Ask HN: Review my startup idea, Algonaut - abhijitr

http://www.algonaut.com - a hosted platform for algorithmic trading<p>We are still circling in on what the MVP should be, would love to hear feedback from any quant-types out there.
======
HardyLeung
I do algorithmic trading myself since 2006, with Interactive Broker, and
C++/C# implementation of my own heuristics. As others said you are not
providing enough information. I don't want to have to sign up to discover what
you offer. At the minimum, you do need to (1) provide some pricing
information, (2) put more emphasis on security (how do I know that my crown
jewel is secure with your service, do I need to give my password to you), and
(3) provide some idea what the workflow is like.
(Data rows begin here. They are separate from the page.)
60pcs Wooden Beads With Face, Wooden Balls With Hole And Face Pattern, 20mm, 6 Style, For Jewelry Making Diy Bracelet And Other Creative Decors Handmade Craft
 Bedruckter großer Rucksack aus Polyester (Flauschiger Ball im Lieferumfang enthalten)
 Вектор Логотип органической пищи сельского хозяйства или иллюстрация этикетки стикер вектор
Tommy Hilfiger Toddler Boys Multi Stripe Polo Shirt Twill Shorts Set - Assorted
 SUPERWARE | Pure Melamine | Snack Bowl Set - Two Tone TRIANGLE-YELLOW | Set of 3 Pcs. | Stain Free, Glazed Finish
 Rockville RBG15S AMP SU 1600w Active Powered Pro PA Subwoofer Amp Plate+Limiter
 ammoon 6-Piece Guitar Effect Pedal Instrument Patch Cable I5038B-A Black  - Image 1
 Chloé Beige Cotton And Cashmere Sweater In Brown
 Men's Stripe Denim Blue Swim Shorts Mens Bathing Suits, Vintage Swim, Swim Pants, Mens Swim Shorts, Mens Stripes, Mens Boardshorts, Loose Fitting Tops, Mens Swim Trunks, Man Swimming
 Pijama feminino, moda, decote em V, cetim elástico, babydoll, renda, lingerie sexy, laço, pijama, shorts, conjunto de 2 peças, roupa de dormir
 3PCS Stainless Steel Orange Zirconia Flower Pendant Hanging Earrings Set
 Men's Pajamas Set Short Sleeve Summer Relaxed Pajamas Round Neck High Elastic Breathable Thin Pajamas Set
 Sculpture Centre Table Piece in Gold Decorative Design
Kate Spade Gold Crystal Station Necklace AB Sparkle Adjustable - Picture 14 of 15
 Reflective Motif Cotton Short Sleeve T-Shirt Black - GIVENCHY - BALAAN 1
For example, give people test
account and canned algorithm just so I can easily get a feel of what this is
about.

I probably are not interested myself. A big part of my algorithmic trading is
many different types of analysis. I need to be able to easily change something
and debug and run other tools (e.g. various statistics packages). Having it
hosted elsewhere rather than by myself seems to complicate the problem. And
what's the benefit, really? Do you have a better feed than IB? Do I get
dedicated trading machines or do I get a VM and risk slow execution? What is
the cost? Is there enough saving to justify the risk and inconvenience? All
these require more than a teaser MVP page.

------
cschmidt
You do need to define things a bit more. Daily data or tick? Stock, futures,
etc. Just US data or more.

How are you going to allow any languages to run on your server? That seems
pretty dangerous.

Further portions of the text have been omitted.